We are looking for a creative, innovative, intellectually curious and entrepreneurial Data Scientist with experience in developing Machine Learning software to join our Plymouth Meeting (PA) team.
This is an exciting opportunity to work in one of the world's leading human data science teams working with real world insights to help our clients answer specific questions globally, make more informed decisions and deliver results.
We are looking for a Data Scientist who is keen to build data engineering and machine learning tools and products at the cutting-edge of life sciences.

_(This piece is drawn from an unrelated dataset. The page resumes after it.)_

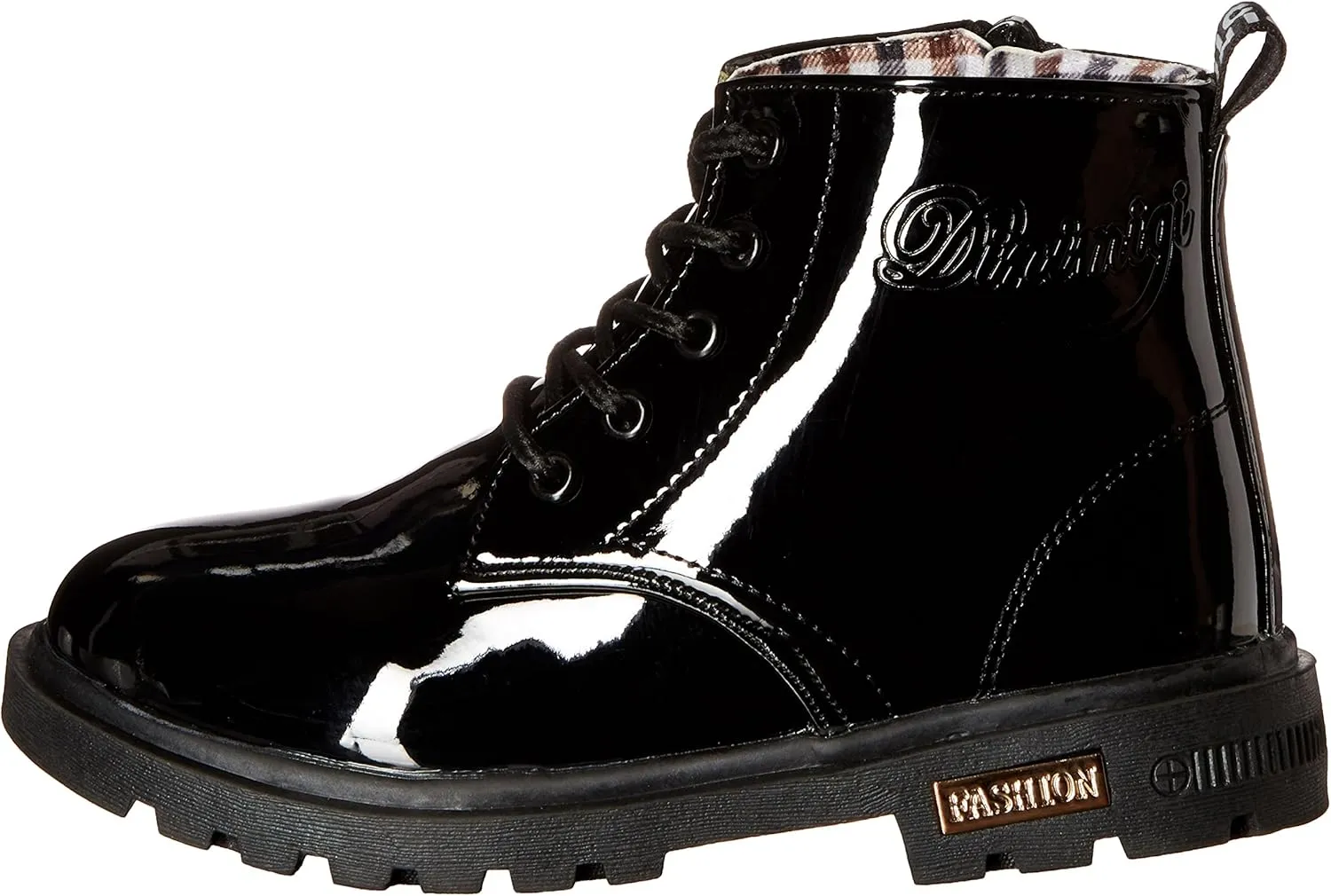 Little Kids Ankle Boots Little Girls Outdoor Combat Toddler Boots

The primary focus of the role is to develop ML solutions on high scale-high complexity rich medical data to predict answers to healthcare challenges.
Ideally you will have:
- Postgraduate degree or higher involving machine learning or computer science
- Experience of statistical / machine learning projects in academia or commercial sector end to end with proven delivery capability including capturing requirements, designing analysis plans, interfacing with clients and report / manuscript writing.
- Experience developing scalable solutions and pipelines to handle large and complex data.

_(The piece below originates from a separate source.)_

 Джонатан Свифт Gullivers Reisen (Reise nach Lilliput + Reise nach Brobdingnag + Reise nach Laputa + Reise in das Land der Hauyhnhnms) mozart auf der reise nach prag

- Excellent knowledge of supervised machine learning methods, such as regularized regressions, ensemble tree classifiers (e.g. xgboost), support vector machines, deep learning methods, etc. Good grasp of classical statistical methods, such as fitting regression models, inference testing and sampling.
- Strong programming skills in Python. Experience in pySpark is highly beneficial.
- Solid understanding of best coding practices and version control software such as Git, ability to write clean and efficient code and a good understanding of the data science package landscape.
- Familiarity with agile software development practices such as scrum.
- Excellent written and spoken communication skills, including ability to present technical concepts to lay audiences, write analysis plans for projects, contribute to proposals / grant applications, pitch ideas effectively and persuasively to clients / internal stakeholders, etc.
- A proactive, innovative and pragmatic approach to problem solving and an ability to think critically and independently, able to work as part of a cross-functional team.
Bonus points for:
- Peer-reviewed publications involving machine learning
- Knowledge of healthcare patient-level data.
- Knowledge of epidemiology / biostatistics, particularly analytical issues relating to studies of treatment effectiveness, disease progression, adherence, healthcare utilization, etc.
- Work in bioinformatics.
- Knowledge of healthcare / life science issues involving Real-World Evidence
- Experience with patient-level, longitudinal data.